The price is right: deflation has a bad name. But when productivity is increasing, prices should be allowed to fall

National Review, March 23, 1998 by George Selgin

Most economists now agree that it is a good idea to allow the price level to rise somewhat when productivity suffers a serious setback -- as it did, for example, following the OPEC-sponsored oil shortages of the 1970s. The arguments for letting the price level fall in response to improvements in productivity are less well appreciated, but no less sound.

Everyone accepts the basic principle when it comes to particular firms and industries. Recent reductions in computer prices, for instance, have harmed neither the computer industry nor the U.S. economy as a whole. But the computer industry is only one of many that have witnessed substantial gains in productivity in recent years. Indeed, there is hardly a good or service that isn't being produced more efficiently today than was the case in years past. So what harm could there possibly be in allowing general improvements in productivity to be reflected in general price cuts? The answer is, No obvious harm at all, apart from the psychological anguish felt by certain Fed officials and economic pundits every time the CPI threatens to decline.

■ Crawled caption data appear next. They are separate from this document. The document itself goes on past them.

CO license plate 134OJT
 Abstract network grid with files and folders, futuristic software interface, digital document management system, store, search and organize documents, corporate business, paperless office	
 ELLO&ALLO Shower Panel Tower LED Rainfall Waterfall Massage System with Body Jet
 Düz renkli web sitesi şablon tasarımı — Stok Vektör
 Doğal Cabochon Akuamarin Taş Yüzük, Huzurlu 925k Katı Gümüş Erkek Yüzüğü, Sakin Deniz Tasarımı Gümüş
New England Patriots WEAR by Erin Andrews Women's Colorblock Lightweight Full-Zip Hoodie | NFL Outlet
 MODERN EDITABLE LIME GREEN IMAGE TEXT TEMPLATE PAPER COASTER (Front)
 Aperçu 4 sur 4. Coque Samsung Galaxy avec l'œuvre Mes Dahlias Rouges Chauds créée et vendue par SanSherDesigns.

In a passage of his speech that seems to have gone unnoticed by most commentators, Mr. Greenspan conceded that deflation is not dangerous so long as it is based on overall gains in productivity. Well, overall annual gains in productivity have been the rule rather than the exception in the U.S. economy; and recent productivity growth has been especially pronounced. Thus, far from being something to fear, steady, mild deflation is something we ought to welcome. Mr. Greenspan, bring on those lower prices. The doomsayers can cry all the way to the supermarket.